Can I run Qwen Plus models locally?
The API models themselves are cloud-only. However, Qwen3.5-Plus runs the same Qwen 3.5 architecture (397B MoE) that's open-source under Apache 2.0. You can self-host it with enough hardware (~256GB+ RAM). For smaller local options, see our Run Locally guide or check if your GPU can handle it.
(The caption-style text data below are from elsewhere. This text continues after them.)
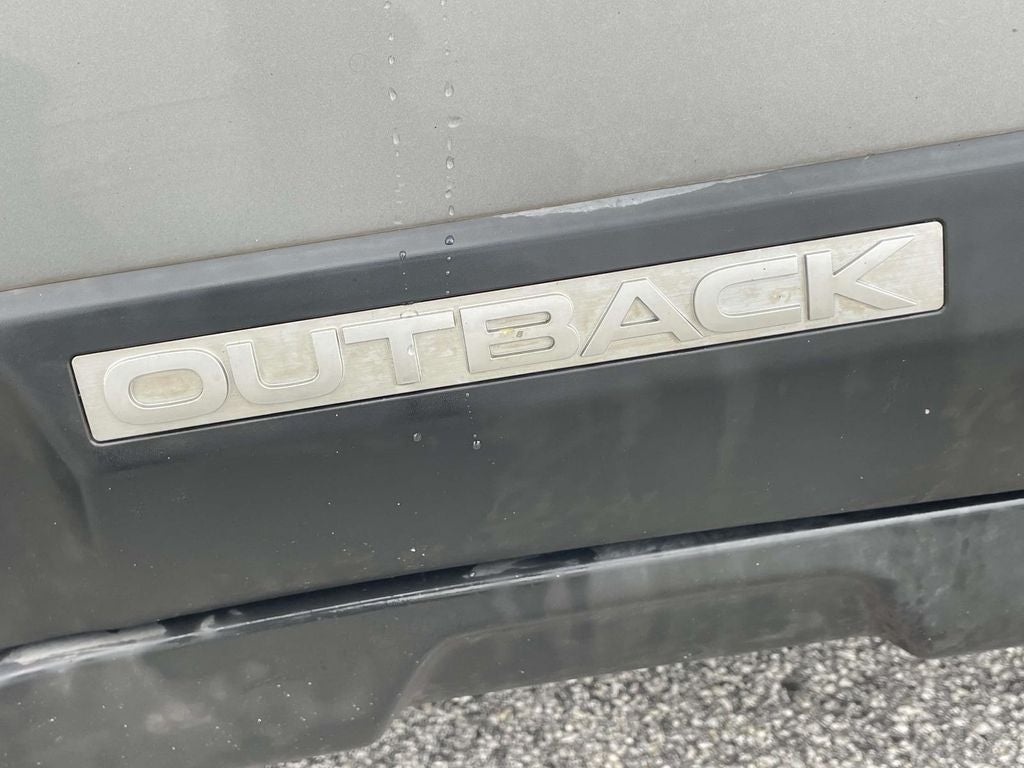 2011 Subaru Outback 2.5i Limited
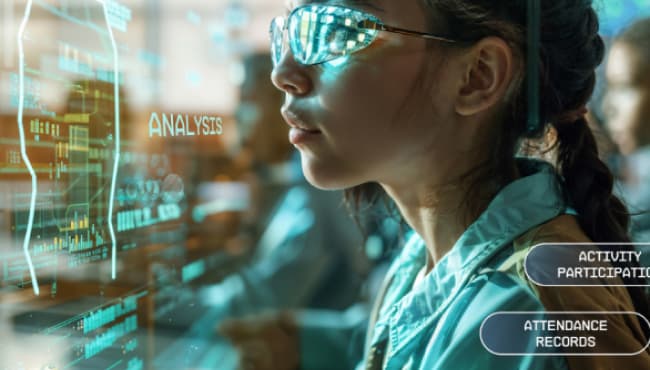 Jignesh's AI Recommendations Helped to Analyze Student Behavior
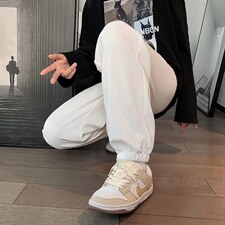 白色加绒
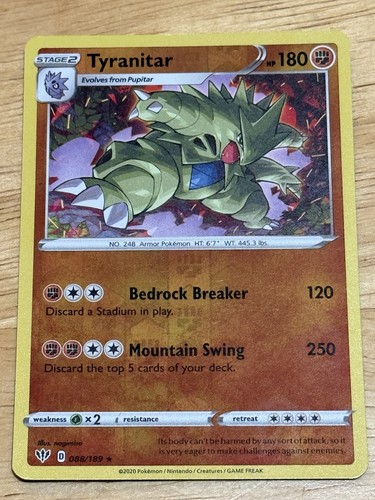 Tyranitar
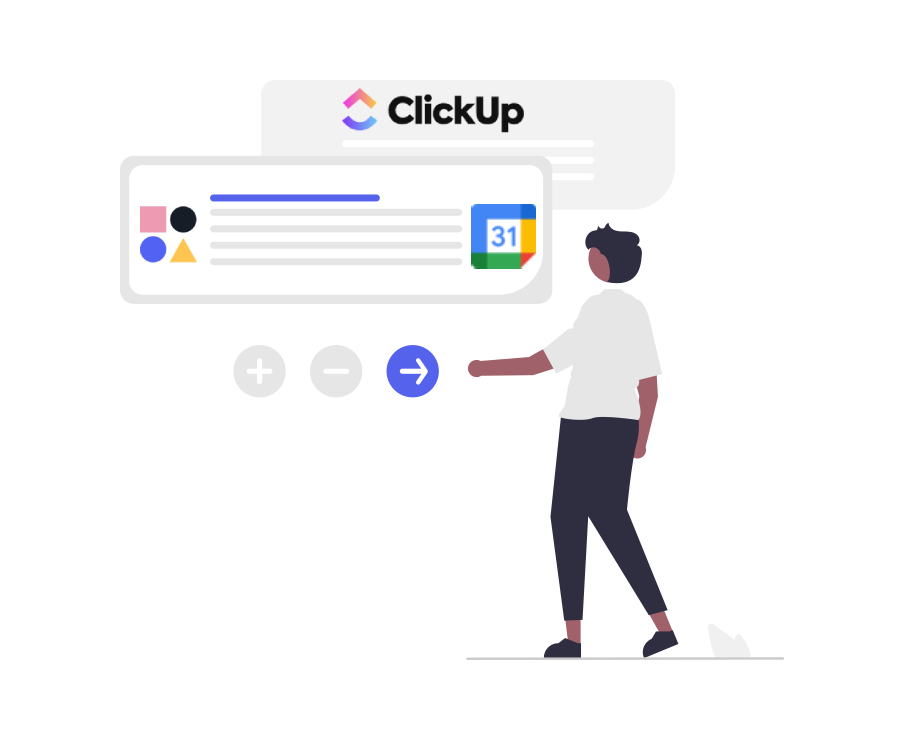 How to Schedule ClickUp Tasks in Google Calendar Reclaim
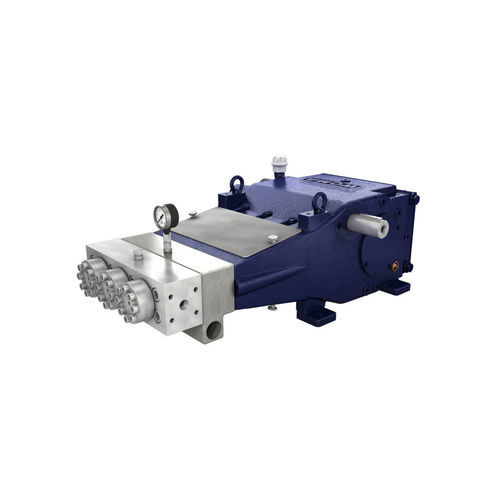 Pompa a stantuffo - Type 190Z - WOMA GmbH - ad acqua / per verniciatura / per olio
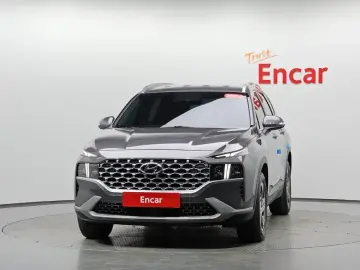 2021 Hyundai Santa Fe с пробегом 105 340 км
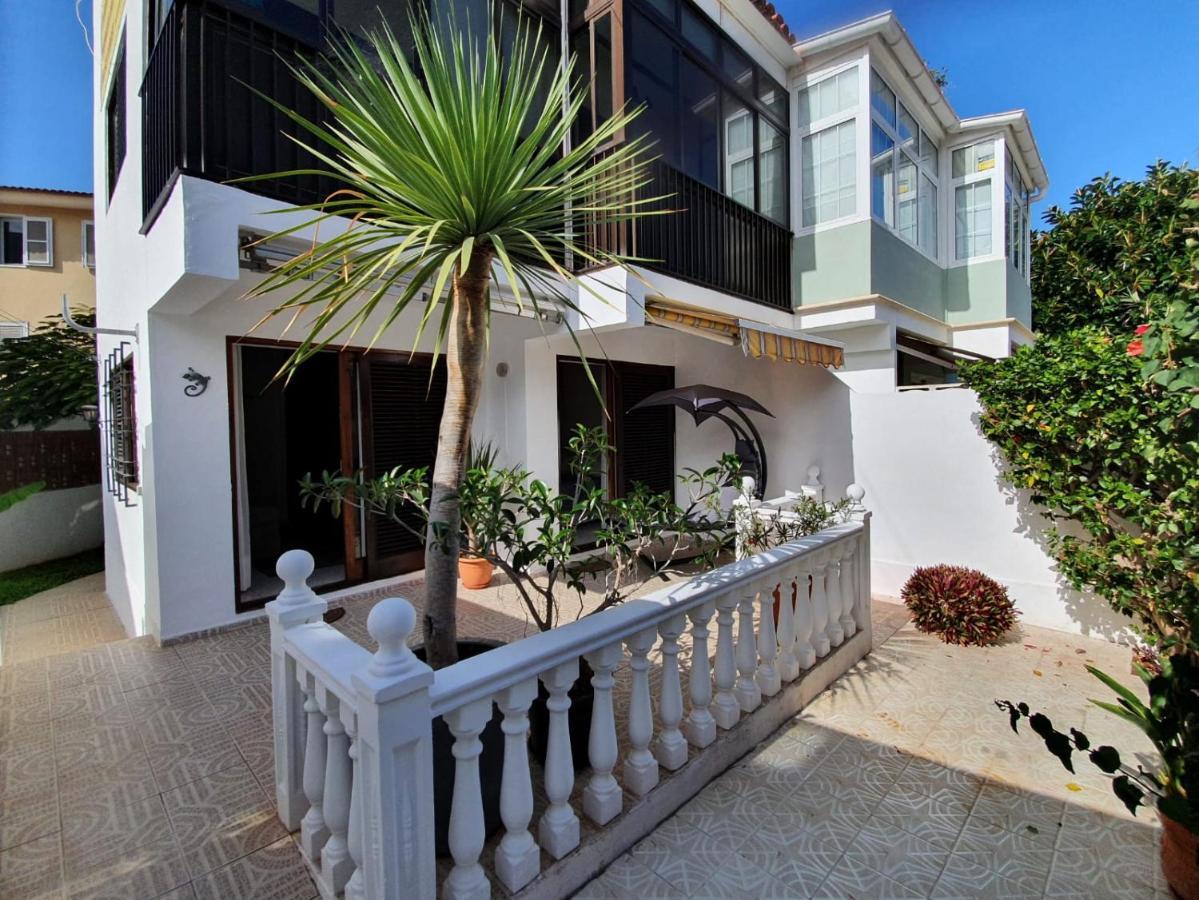 Appartement Luminoso Con Patio Y Jardin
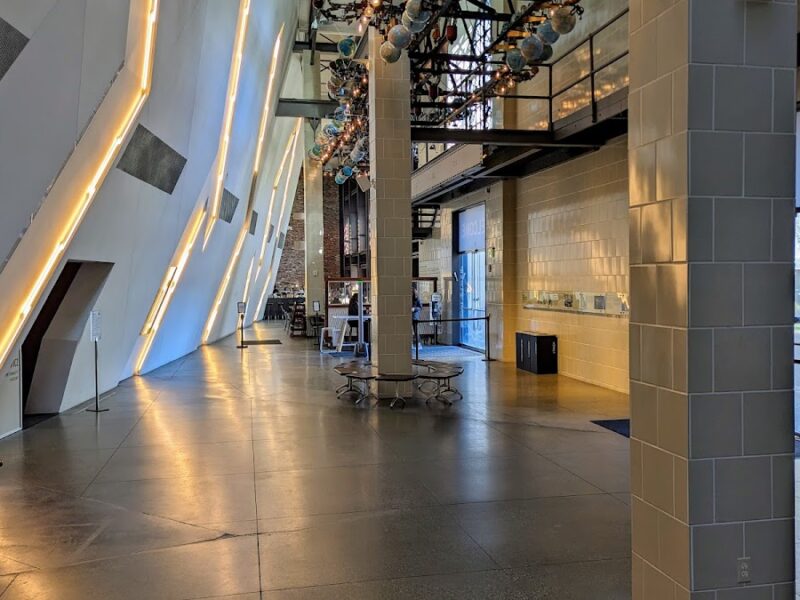 The Contemporary Jewish Museum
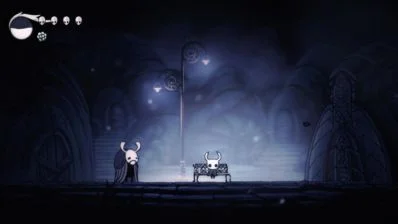 Image du jeu Hollow Knight sur Switch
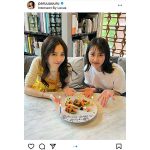 島崎遥香、永尾まりやとお互いの誕生日を祝福「友情っていいなぁ」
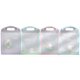 thumbnail image 1 of Paquete de 4 carpetas expandibles de múltiples capas, bolsa de órgano de mano, bolsa de almacenamiento de papel de clasificación de datos para estudiantes, bolsa de órgano vertical, 1 of 6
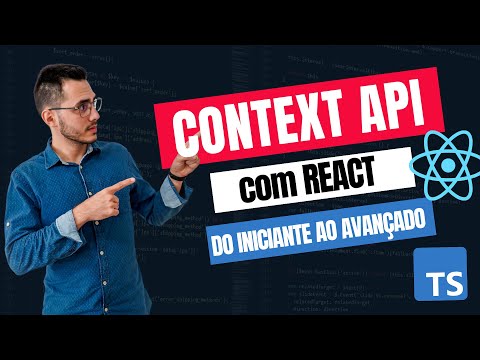Context API no ReactJS com typescript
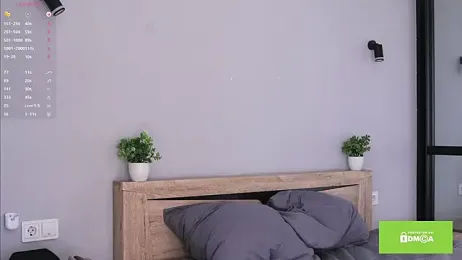 MaeFussell webcam model stream image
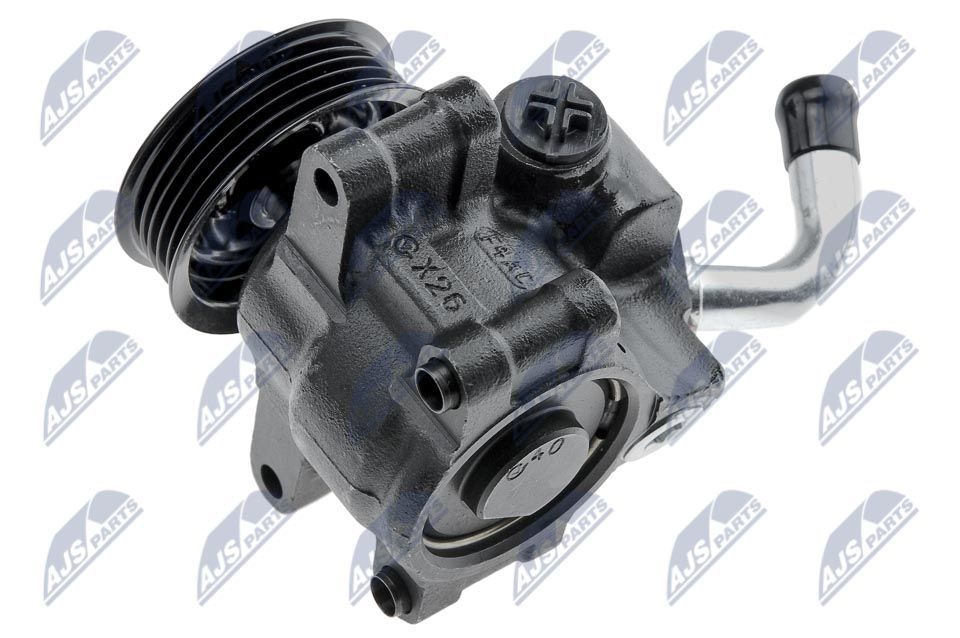 Hidraulinis siurblys, vairo sistema NTY SPW-FR-017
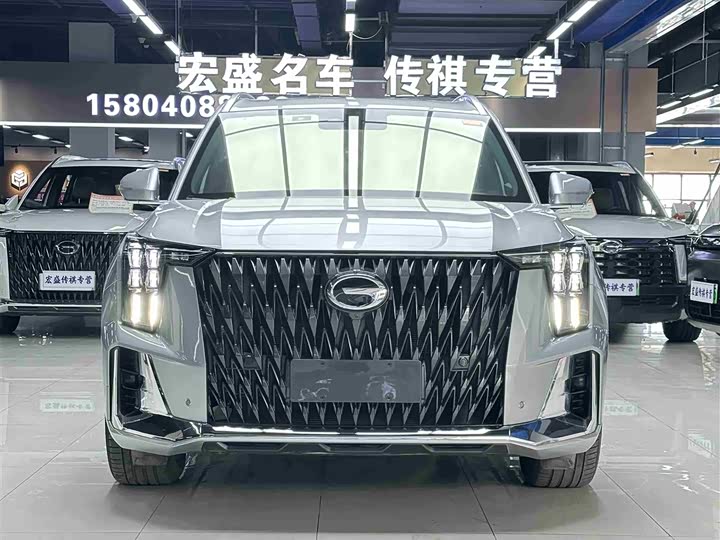 Фото 3 - GAC Trumpchi GS8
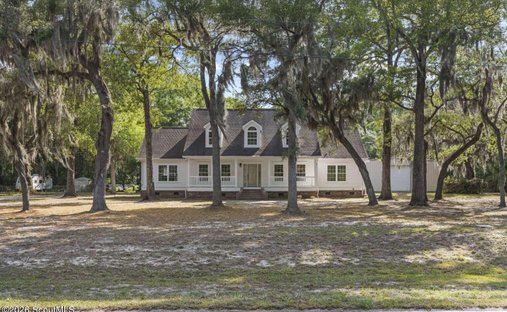 Haus in Riceboro, Georgia, Vereinigte Staaten 1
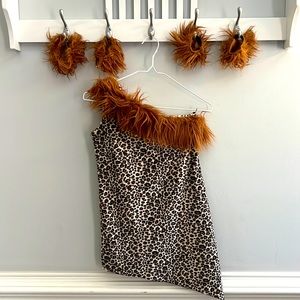 Cavewoman costume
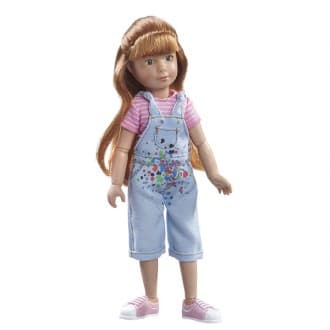 Kruseling Chloe Pintora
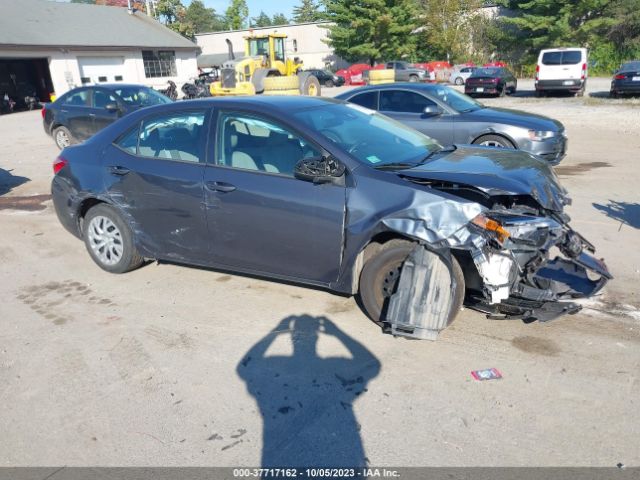 TOYOTA COROLLA 2017 2t1burhe2hc825427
When will Qwen 3.6 be fully released?
No official date from Alibaba yet. The 3.6-Plus-Preview is the first public model from the 3.6 generation. Based on past patterns (Qwen 3.5 went from preview to stable in about 4-6 weeks), a full release could come in late April or May 2026 — but that's speculation, not a confirmed timeline.
How does Qwen-Plus compare to GPT-4o?
Qwen3.5-Plus matches GPT-4o on most enterprise tasks — document understanding, instruction following, structured output — at roughly 10x lower cost and with 8x more context (1M vs 128K). GPT-4o has a more mature ecosystem and broader third-party tool support. For coding-heavy workloads, benchmark carefully on your specific tasks before committing.
What happened to Qwen-Turbo?
Deprecated. Alibaba recommends Qwen-Flash as the replacement — same low-cost, high-speed niche at $0.05/M input tokens.